Previously, the Volt’s best years on record were 2012 and 2013 in which it finished within a few hundred units of each other with 23,000 and some.
As for the Bolt, the car is all new, and demand was pre-pressurized in the hottest plug-in market of the country, California. Chevrolet did not break out sales for Oregon and California, but 579 units did beat expectations and a subjective feeling among forum posters that GM was dragging its heels in getting Bolts into owners hands.
Back to the Volt story, this year its sales from January through November amounted to 21,048 units and given it has hovered around the 2,000 monthly unit mark for several months, odds were not great it would beat the 23,461 record from 2012.

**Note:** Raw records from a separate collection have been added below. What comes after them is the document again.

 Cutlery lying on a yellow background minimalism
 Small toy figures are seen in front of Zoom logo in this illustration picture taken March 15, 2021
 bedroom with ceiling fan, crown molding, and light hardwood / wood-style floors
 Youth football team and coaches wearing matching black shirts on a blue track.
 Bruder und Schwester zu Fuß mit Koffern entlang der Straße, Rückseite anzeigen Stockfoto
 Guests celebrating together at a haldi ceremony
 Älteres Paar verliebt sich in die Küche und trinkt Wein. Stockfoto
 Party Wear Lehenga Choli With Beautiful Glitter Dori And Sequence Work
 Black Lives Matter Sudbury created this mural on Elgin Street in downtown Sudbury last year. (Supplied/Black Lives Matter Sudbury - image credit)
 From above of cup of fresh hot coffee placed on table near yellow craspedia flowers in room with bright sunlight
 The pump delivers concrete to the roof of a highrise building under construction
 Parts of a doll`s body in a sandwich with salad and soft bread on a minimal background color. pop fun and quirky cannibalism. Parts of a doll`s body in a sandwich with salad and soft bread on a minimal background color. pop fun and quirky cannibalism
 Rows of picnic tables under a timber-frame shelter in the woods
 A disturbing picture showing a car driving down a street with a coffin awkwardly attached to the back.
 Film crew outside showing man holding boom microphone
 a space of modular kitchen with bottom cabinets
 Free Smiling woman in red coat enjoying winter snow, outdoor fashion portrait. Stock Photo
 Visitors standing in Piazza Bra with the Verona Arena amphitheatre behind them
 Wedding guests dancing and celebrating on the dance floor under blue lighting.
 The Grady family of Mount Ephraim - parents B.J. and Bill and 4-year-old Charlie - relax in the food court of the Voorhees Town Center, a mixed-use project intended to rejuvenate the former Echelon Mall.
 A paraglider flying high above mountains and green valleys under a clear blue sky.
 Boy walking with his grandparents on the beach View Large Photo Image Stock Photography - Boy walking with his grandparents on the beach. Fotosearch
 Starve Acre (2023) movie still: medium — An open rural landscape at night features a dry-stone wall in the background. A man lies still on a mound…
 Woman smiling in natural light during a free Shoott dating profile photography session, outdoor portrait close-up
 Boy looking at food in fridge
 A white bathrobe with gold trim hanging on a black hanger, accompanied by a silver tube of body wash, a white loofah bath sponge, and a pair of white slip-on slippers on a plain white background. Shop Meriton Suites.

According to analyst Alan Baum, Chevrolet most likely goosed sales as much as it could so it would end the year with a positive bang. On the flip-side, the carmaker may not have wanted to face stories that its all-new redesigned Volt could not even beat the sales performance of the first-generation in the midst of anti-Volt sentiment in 2012 politics.
How Chevrolet stimulated sales however is not exactly clear as its published incentives are not exceptional at $1,000 back or 0-5.9-percent APR, but manufacturers have other ways to incentivize their dealers when they want to move inventory.
GM otherwise reported a terrific month for the Chevrolet brand, and the Volt (and Bolt) rode that wave, plus December is the biggest month for plug-in sales. In January, tax season begins, allowing those eligible for federal credits to recoup their expense.
As such, December sales are always stimulated just by that fact, and Chevrolet was otherwise motivated to build synergies to push the Volt to a new sales high.
And that it did. Its 3,691 sales far eclipses any precedent to date. The next-best 3,351 units sold in August 2013 were a veritable outlier, the only other time it sold over 3,000 units.
Next best on record was October 2012 with 2,961 sales, followed by September 2012 and 2,851 sales, and August 2012 with 2,831.
This year‘s best was November’s 2,531 Volt sales, but regardless how it got there, a win is a win.
The Volt thus came from behind and made for a happy new year for its maker and getting a healthy dollop of Bolts out the door was a cherry on top.
For its part, Chevrolet attributed sales to natural demand, and sufficient supply – as Baum also noted was available.
“2016 was the first year of nationwide availability for the second generation Volt,” said Kathy Beslic, advertising and marketing manager, Chevrolet Electric Vehicle, “and Chevrolet stores had December inventory appropriate to meet strong demand for Volt, a car whose innovation, technologically-advanced powertrain and great design along with the growing acceptance of EVs make it an alluring choice for customers.”
The Volt and Bolt will now compete for consumer mindshare this year, as the Bolt’s 238 miles range on battery alone far surpasses the present leader, the Nissan’s Leaf, and its 107 miles.
The Bolt’s range also means a lot less EV “range anxiety” for whom this may be a concern, and it answers one of the reasons why the Volt has a gas engine to take it beyond the 53 miles range it has.
This said, there is a market for each, and while opinions will vary, each are the leaders in their respective segment. The Bolt has the highest range for the dollar, and the Volt is the sales-leading plug-in hybrid with far more range than blended plug-in hybrids from Ford, Hyundai, Kia, and Toyota who provide EV range in the low to high 20s.
How the Volt and Bolt will fare sales-wise this year is however an open question. The Bolt is yet early in its lifecycle, thus not up to full speed, though Chevy dealers likely will fill many pre-orders for some time. It is to roll out through the first half of the year to the rest of the U.S., and Baum has projected 23,000 or so sales for 2017.
But could there be an upset? There was one last month, perhaps more will follow and the cars might break past previous highs?
The bottom line answer as always is time will tell.